‘Unishe April’ Turns 21 but Indian Films Struggle to Break Out of ‘Mother India’ Mould

Rituparno Ghosh’s Unishe April (19th April), which bagged the top award at the National Award in 1995 along with the Best Actress Award for Debasree Roy, will be celebrating its 21st birthday this year.
It not only encompasses familiar emotions like guilt, betrayal, love, and nostalgia, but also offers deeper mediations on the role of women in society and the conflicting politics of womanhood, motherhood, and personhood.
Rituparna Ghosh, who wrote and directed Unishe April, aspired to free the censored and distorted image of the screen mother from the taboos and constraints of patriarchal culture, and place it as a subject of psychological study and sociological inspiration for a feminist reading.

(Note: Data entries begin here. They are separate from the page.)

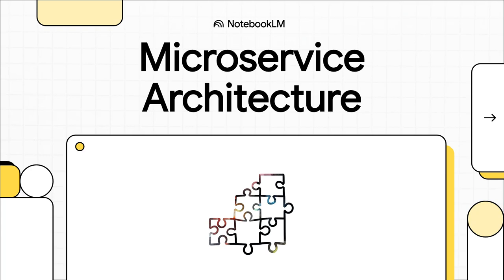All right, let's tackle a big one today. A question that's really at the core of how so much of the modern internet actually works. What in the world is a microservice architecture?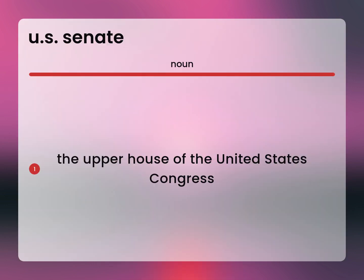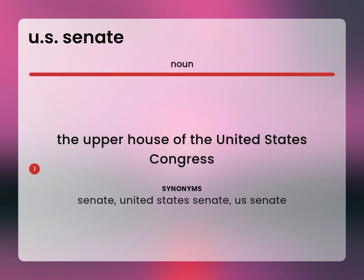The Upper House of the United States Congress. Senate. United States Senate. US Senate.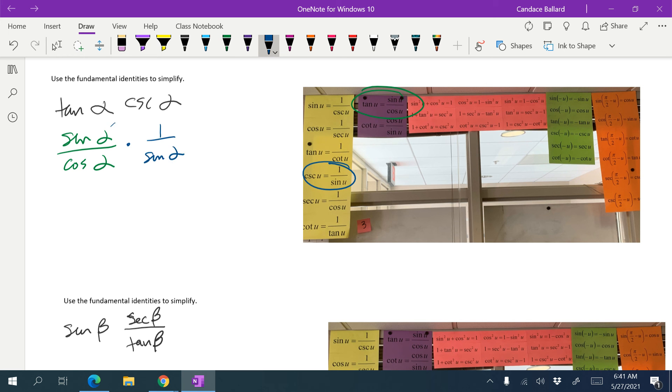And then I notice that my sines cancel. So when I multiply across the top and across the bottom, I have 1 over cosine alpha.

The plotline weaves around a single day and night, that of 19 April, as suggested by the title. It’s the death anniversary of Aditi’s (Debasree Roy) father, which coincides with the day her famous danseuse mother Sarojini (Aparna Sen) gets the news of having received a prestigious award for her singular contribution to the art of classical dance.

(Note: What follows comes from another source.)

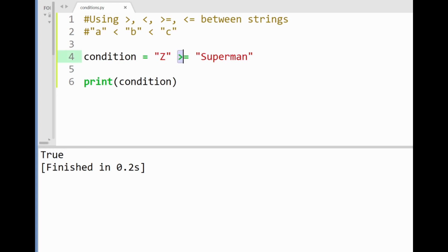First to see if z is greater in alphabetical order than s which of course it is and then it also checks if the letter z is equal to s which it isn't. Since at least one of the criteria are true our final output will also be true here. Sweet.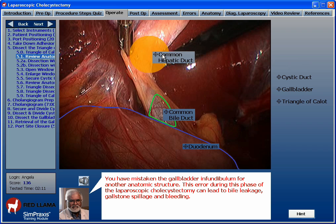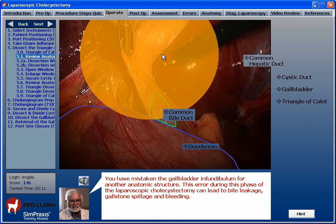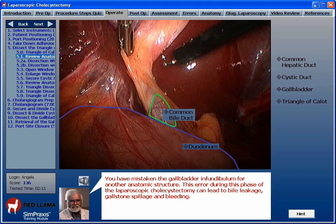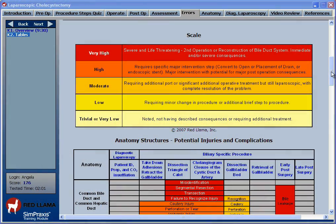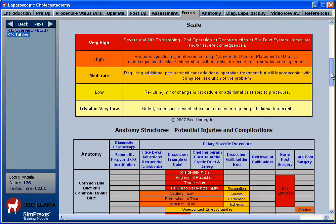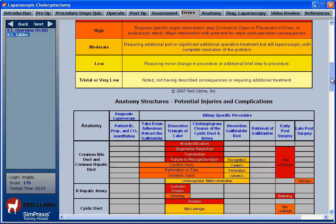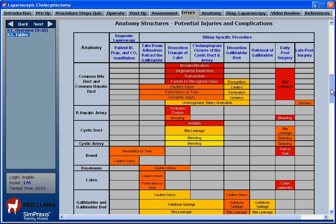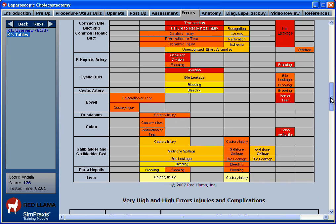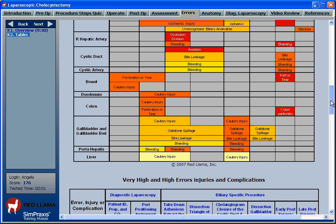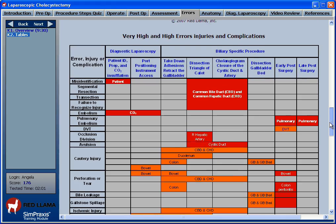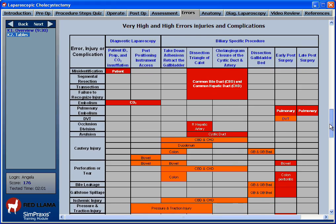You have mistaken the common bile duct for another anatomic structure. A new and unique risk table is developed to enhance and expand the learning process and is customized for each procedure. Each table links potential errors, injuries, and complications to the individual steps of the procedure.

The news of the award sets in motion a chain of events that finally leads to a confrontation between the mother and the daughter, distanced through what on the surface, appears to be a clash of values, but which has grown over time, basically out of a slow and sure breakdown in interpersonal communication.

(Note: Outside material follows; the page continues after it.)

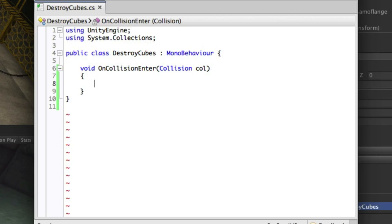We simply use an if statement and check col, our variable, for the data it contains. One example is the game object that it's collided with and as a result the name.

Aditi’s consciousness is made up of memories of a dead father, his identity, his pain, and his alienation from his celebrity-wife, reflected as a kind of a picture-puzzle through multiple pieces of fractured flashbacks that unfold from her point of view.
The mood of the film begins to change once the camera follows the two women into the kitchen, instantly adding unforeseen degrees of intimacy to the interaction. Tins are opened, an old recipe notebook is found and then there is a search for a particular ingredient which must go into the one-dish meal.
“Let’s make it without the saffron” says Aditi, the daughter. “No” says the mother, underlining her striving for perfection in every area of life. And then, one tin reveals a long-lost bottle of French perfume Sarojini believed to have been broken long ago. “I hated that smell” cries Aditi, “because it reminded me of your absence.”
The use of the kitchen further offers a perceptive insight into its own positional identity as a site of bridging woman-to-woman relationships within the home to the fore.
Despite the fact that none of the women, mother or daughter, are particularly traditionally “domestic” (neither is a housewife or adheres to typical roles ascribed to women), the fact that their tensions and contrasts play out in the kitchen underlies the inherent performativity of gender that defines characters, both in good films, or in real life, in spite of themselves.
But even though it is in the kitchen, the appearance of the perfume bottle breaks the illusion of domesticity, in a way linking both the characters’ acceptance and simultaneous defiance of gender roles.
Having played its role, it recedes once more into the background, allowing the mother and daughter to re-occupy centre-stage and reclaim their chosen personalities in the world.
The conflict is resolved in the end as truths unravel, forcing the two women to step out of their guarded silences and begin to talk.
Ghosh draws a psychological portrait of a mother-daughter relationship placed in a definite ideological, topical and social context. Aditi’s dilemma arises from the real and perceived threats her mother’s celebrity status posed to her own identity and interpersonal relationships. When her boyfriend tries to back out of a more permanent arrangement with her, she blames it on her mother’s stardom.
Her upbringing is marred by the psychological exploitation her father meted out to her in his desire to get even with a wife, whose fame, power and talent underscore his essential ordinariness as her husband.
Aditi hates the celebrity status she is heir to because of the negative associations they hold for her. In more recent years, films like Qala (2022), which drew on a similar mother-daughter plotline before diverging into a darker tale of fame and deception, and others, have tried to recreate the mother daughter dynamic, but rarely has any come close to the finesse of Ghosh’s quiet masterpiece.